### PROBLEM TO SOLVE
Using the listing below, set down exactly the lines from the one that contains "Guardian: Galatasaray Schalke'yi eler!" through the one that contains "Types of Cerebral", with no pictures.

### EXTRACTED DATA
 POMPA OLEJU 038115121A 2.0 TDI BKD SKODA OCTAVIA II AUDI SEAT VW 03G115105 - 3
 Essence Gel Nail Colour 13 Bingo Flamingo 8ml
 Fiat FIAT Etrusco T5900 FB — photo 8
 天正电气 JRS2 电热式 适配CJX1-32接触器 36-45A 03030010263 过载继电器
---
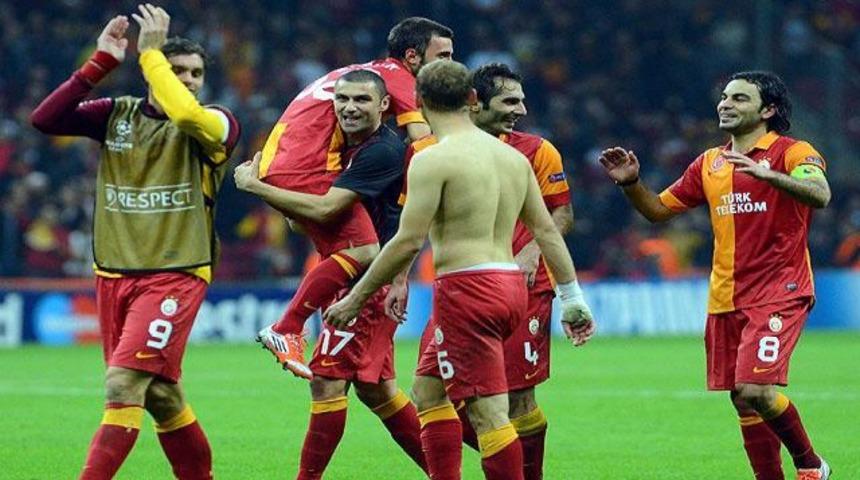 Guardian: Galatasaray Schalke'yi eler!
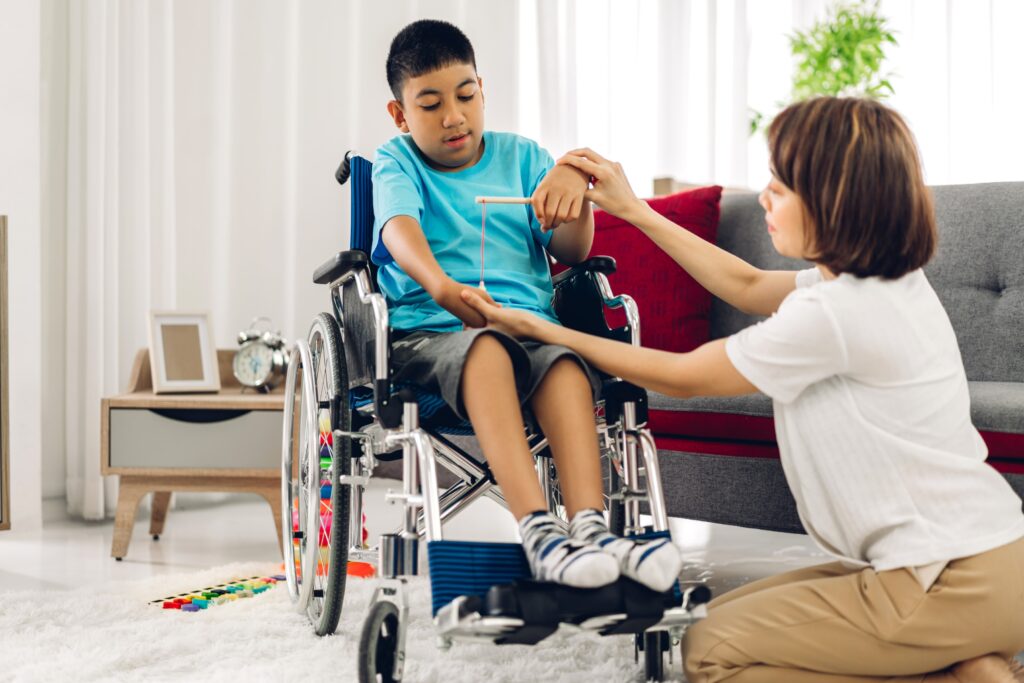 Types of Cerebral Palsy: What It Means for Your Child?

### WRITTEN SOLUTION
 Guardian: Galatasaray Schalke'yi eler!
 Types of Cerebral Palsy: What It Means for Your Child?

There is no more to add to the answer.